China has sent a large shipment of fish fry to the Philippines as part of an ongoing strategy to reduce tension over territorial disputes by assisting the development of the Filipino aquaculture sector.
Chinese recently officials loaded 100,000 leopard coral grouper fry in the port of Wenchang, Hainan Province, on a boat bound for the Philippines. A handover was overseen by China’s ministry of agriculture and the country’s Academy of Fisheries, which is advising the Philippines on aquaculture methods.
“We want to see a new era in China-Philippines fishery cooperation,” Liu Xin Zhong, head of fisheries management at the Ministry of Agriculture, said at the hand-off ceremony.
Leopard grouper fry and aquaculture training – and access to China’s market – are being used by China as part of a charm offensive to reduce tension in the South China Sea. The campaign has the secondary aim of seeking to draw in more premium seafood supply from Southeast Asian nations, particularly the Philippines.
China was enraged when the Philippines in 2015 took a case against China into arbitration by the United Nations, which ultimately ruled invalid China’s claims on parts of the South China Sea also claimed by Manila. Stakes were raised further when Chinese patrol vessels continued to prevent Filipino boats from fishing in the disputed waters, even after the ruling.
But Beijing changed course in 2017 and pledged to ship 100,000 coral grouper fry (plecropomus leopardus) to Davao and Palawan islands by 2019. The fry were requested by the Philippines, according to Chinese Vice Minister for Agriculture Han Xu, who suggested that the finished fish could be bought back by Chinese restaurateurs.

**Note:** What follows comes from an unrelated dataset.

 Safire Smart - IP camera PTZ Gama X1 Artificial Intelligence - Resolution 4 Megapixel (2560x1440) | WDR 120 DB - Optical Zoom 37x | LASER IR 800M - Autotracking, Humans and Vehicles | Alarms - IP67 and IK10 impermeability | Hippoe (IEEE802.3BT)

While tensions remain – Philippines fishermen have angrily rejected Chinese offers to cease fishing in return for training in aquaculture – the Philippines was one of 15 countries invited earlier this month to the Ocean Summit at “World Ocean Week” in Xiamen that saw officials and executives from Africa and Asia meet with Chinese policy makers and fishing executives in the Fujian region, which is a hub for China’s distant-water fleet.